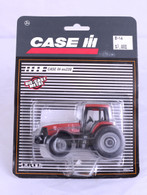 1/64 Case International MX220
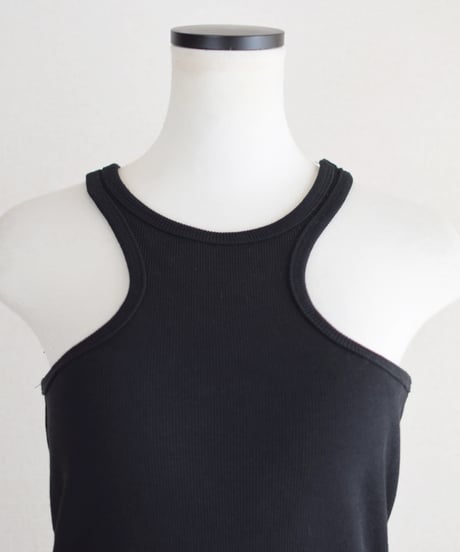 カップ付アメスリリブタンク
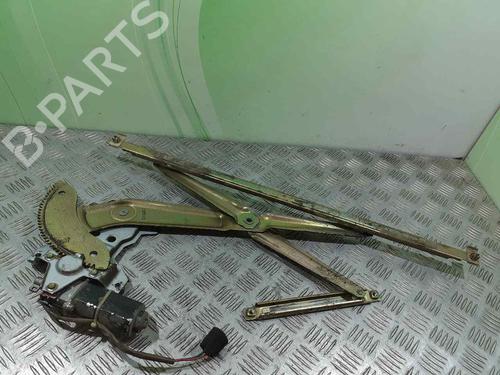 Front right window mechanism KIA CARNIVAL I (UP, FL) | BP7525679C23
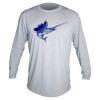 Low Pro Tech Long Sleeve T-Shirt Thumbnail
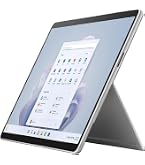 Amazon.com : Microsoft Surface Pro 9 - Intel Evo Platform 12th Gen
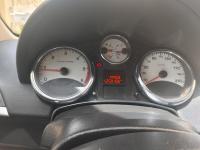 سيارات-peugeot-207-2011-active-سيدي-خالد-أولاد-جلال-الجزائر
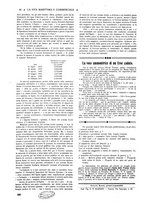 giornale/CFI0369068/1917/unico/00000448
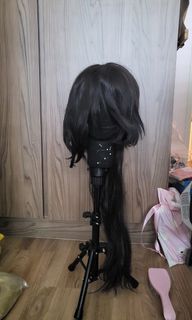 (Category: ) located in . Submitted by kelphands (Listing ID 1301075634, Image 1). Description: .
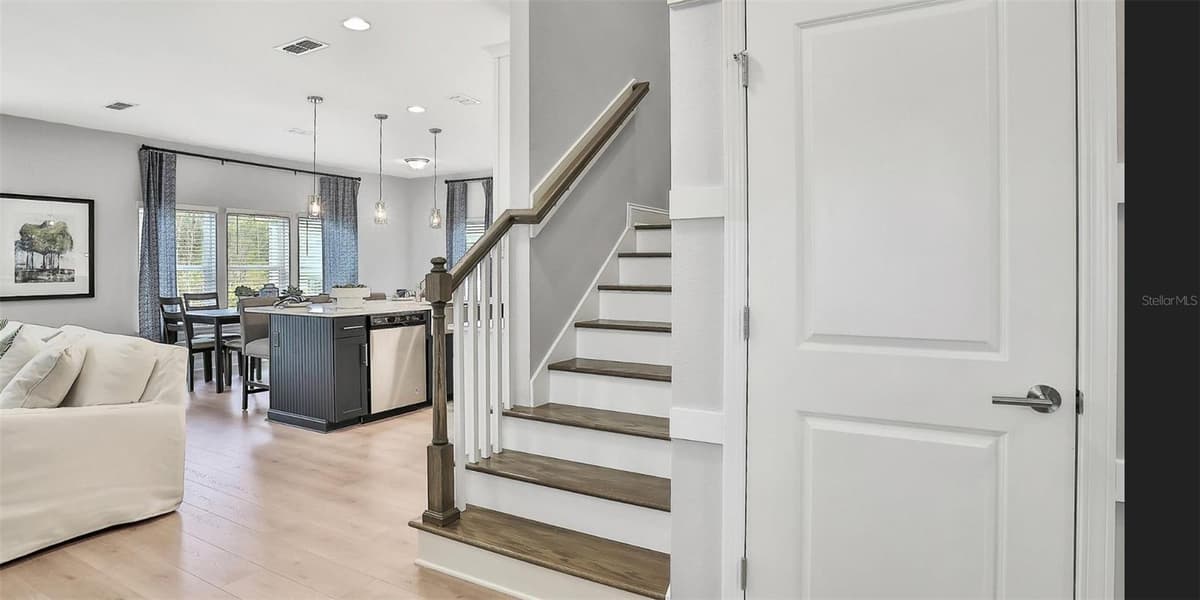 765 PINTAIL TERRACE — photo 24 of 42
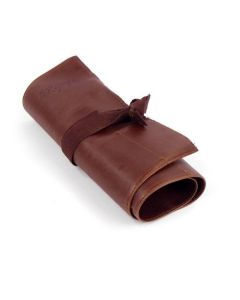 Ryuga Manta / Estuche Enrollable para Herramientas del Bonsái (26x60cm)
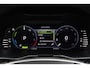 Skoda Superb Combi 1.4 TSI iV Business Edition 218pk DSG6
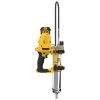 Ecomm Medium DCGG581N 4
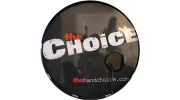 The Choice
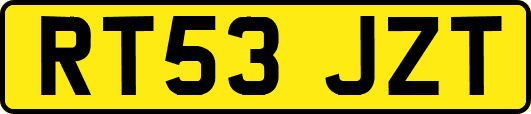 RT53JZT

------------------------------

PROBLEM REQUIREMENTS
Would you set down the records above once more, exactly, with the pictures removed?

WRITTEN RESPONSE
 1/64 Case International MX220
 カップ付アメスリリブタンク
 Front right window mechanism KIA CARNIVAL I (UP, FL) | BP7525679C23
 Low Pro Tech Long Sleeve T-Shirt Thumbnail
 Amazon.com : Microsoft Surface Pro 9 - Intel Evo Platform 12th Gen
 سيارات-peugeot-207-2011-active-سيدي-خالد-أولاد-جلال-الجزائر
 giornale/CFI0369068/1917/unico/00000448
 (Category: ) located in . Submitted by kelphands (Listing ID 1301075634, Image 1). Description: .
 765 PINTAIL TERRACE — photo 24 of 42
 Ryuga Manta / Estuche Enrollable para Herramientas del Bonsái (26x60cm)
 Skoda Superb Combi 1.4 TSI iV Business Edition 218pk DSG6
 Ecomm Medium DCGG581N 4
 The Choice
 RT53JZT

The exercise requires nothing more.